68    In relation to the questions and opinions asked of Dr Gregory and Mr Adelson as to the “competitive landscape”, S&P contended that the opinions expressed by these experts strayed well beyond anything that was relevant to the pleaded case. It was further submitted that Dr Gregory and Mr Adelson were not market economists who were qualified to express opinions about the competitive landscape and that in other respects their opinions were based on reasoning that was disconnected from their specialised knowledge.

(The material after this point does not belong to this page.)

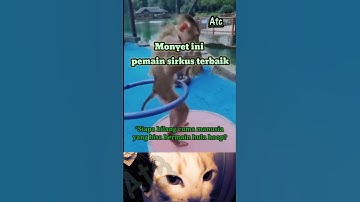 “Monyet Lincah Pamer Skill Hula Hoop, Bikin Heboh Penonton!”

69    In so far as S&P contended that the opinions expressed by Dr Gregory and Mr Adelson went beyond the pleaded case (especially at FASOC [86]) as to what S&P intended to convey by its representations and what was understood by the relevant representees, it was disputed by the Vale Applicants. The same applies to S&P’s contentions as to the outer limits of the Vale Applicants’ pleaded case as to the business objectives, strategies and targeting of investors: FASOC at [173]-[202]. At this preliminary stage, it does appear to me that the opinions expressed by each of Dr Gregory and Mr Adelson stray beyond the matters that have been pleaded, but the Vale Applicants dispute this to be the case. They contended that each of Dr Gregory and Mr Adelson express opinions about the industry’s understanding of the ratings and the competitive landscape within which S&P was operating including the so-called “competitive laxity” that is alleged to have arisen. The Vale Applicants submitted that these opinions were a relevant basis from which to infer (a) what representees would have understood the ratings to mean, and (b) contextualise their pleaded case as to S&P’s motives. As with other opinions, the Vale Applicants contend that these opinions were objective facts from which the Court could infer the matters that are pleaded. To that end, it may be accepted that the opinions are relevant in the sense that they could, together with other facts, rationally affect the probability of the existence of the facts that are pleaded.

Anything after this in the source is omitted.